La adolescencia es una etapa de enorme crecimiento y desarrollo, donde observamos un crecimiento vertiginoso que se da entre los 10 y 12 años en las mujeres y dos años después en los varones, aunque es muy variable en cada individuo. 

Es un período donde toman conciencia sobre la imagen corporal, donde el cuerpo varía de forma entre unos y otros, y la percepción del mismo influye mucho en la autoestima y en la relación con sus pares. 

También es un momento en el cual hay una “separación” de la familia en cuanto a la creación de grupos de pertenencia. Es muy importante el compartir con sus propios pares, el involucrarse con el mundo exterior al construir su propia identidad. 

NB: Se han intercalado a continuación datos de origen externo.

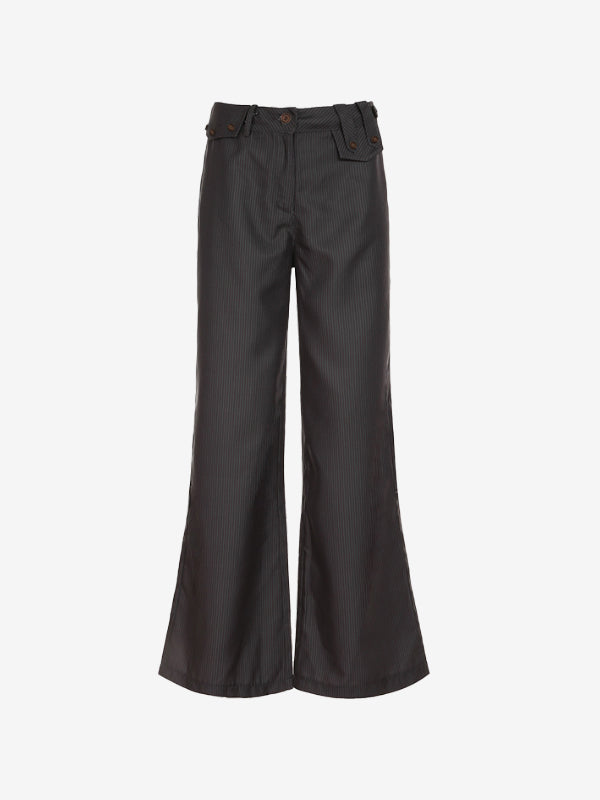 Vintage Striped Tailored Pants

Con respecto a los cambios corporales, los niños suelen comenzar a crecer más rápido; hay una aceleración del crecimiento y del desarrollo corporal importante. 

Es una etapa en la que se realiza un verdadero trabajo de “duelo” del cuerpo infantil, ya que los cambios son involuntarios e irreversibles. Por lo cual decimos que el niño o la niña que deja el cuerpo de la infancia debe apropiarse de este nuevo cuerpo, que transitoriamente se ha vuelto extraño para él/ella. 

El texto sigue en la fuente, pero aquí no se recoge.